Congratulations! You and the salesperson have finally come to terms on a fair price for your new dream car. You even managed to get a reasonable trade-in value for that old heap you've been driving. You passed a credit check and the nice salesperson quoted you a very competitive figure on a dealer-arranged loan or lease. It's taken an eternity, but you can almost feel those keys dropping into the palm of your hand. Time to breathe a sigh of relief, right?
Not quite. There's just one item left on the dealer's agenda: a visit to the finance and insurance office to sign the final papers. Here, many buyers expect to encounter some sort of clerk, and thus they let their guard down.

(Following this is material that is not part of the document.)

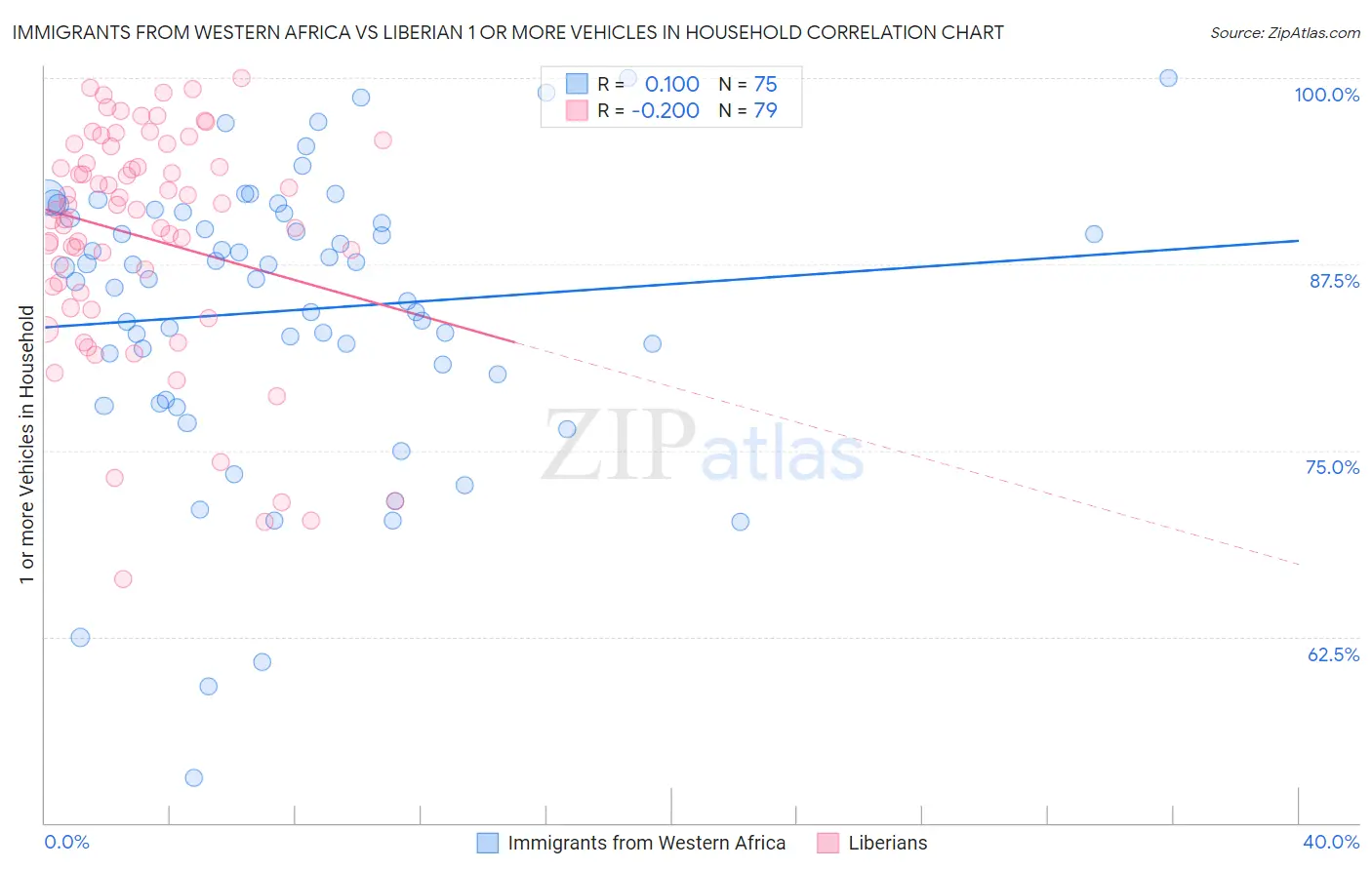 Immigrants from Western Africa vs Liberian 1 or more Vehicles in Household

In fact, F&I people are masters at salesmanship and are often more accomplished at sales tactics than the sales folk on the showroom floor. With a few strokes of a pen, an F&I person can turn a sweet deal for the customer into a bonanza for the dealer.
It's logical to think that dealers make their money - lots of it - on the sales of new cars. Look at a dealership and what do you see? Showrooms filled with marble and chrome. Sales people running around in nice suits and expensive shoes. And of course, the cars on the showroom floor, each worth tens of thousands of dollars.

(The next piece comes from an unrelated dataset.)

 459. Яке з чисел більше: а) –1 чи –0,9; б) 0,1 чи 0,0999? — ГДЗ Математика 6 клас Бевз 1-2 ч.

If the department store marks up those suits or shoes that the salespeople wear by 20 or 30 percent, then most people assume the car dealer - also a retailer - probably pockets $4,000 or $6,000 on a $20,000 new car. Not even close. Take a look at IntelliChoice's target prices and you'll see that the difference between a dealer's cost and a target price is considerably less - perhaps a few hundred dollars on a $20,000 vehicle (and sometimes nothing at all). Over the past decade, dealer gross margins have hovered in the 6 to 7 percent range. From that amount the dealer has to pay for rent, inventory financing, income taxes, sales commissions, advertising and other overhead costs. In reality, dealers make most of their money on used cars and service operations. But don't grab your hanky and weep for the dealers just yet. They have other ways to pay their bills. What they don't bag on the sale of the car itself they can more than make up for in the F&I office.
Take loans, for example. Dealers don't lend buyers their own money; they arrange loans through banks and then tack on a couple of percentage points of interest for themselves. A dealer who marks up an 8% loan by two more percentage points stands to make $684 on a four-year, $15,000 loan.
In addition to arranging for a loan or lease with a profit margin for themselves, F&I people often push a laundry list of unnecessary or exorbitantly priced add-ons to boost their bottom line.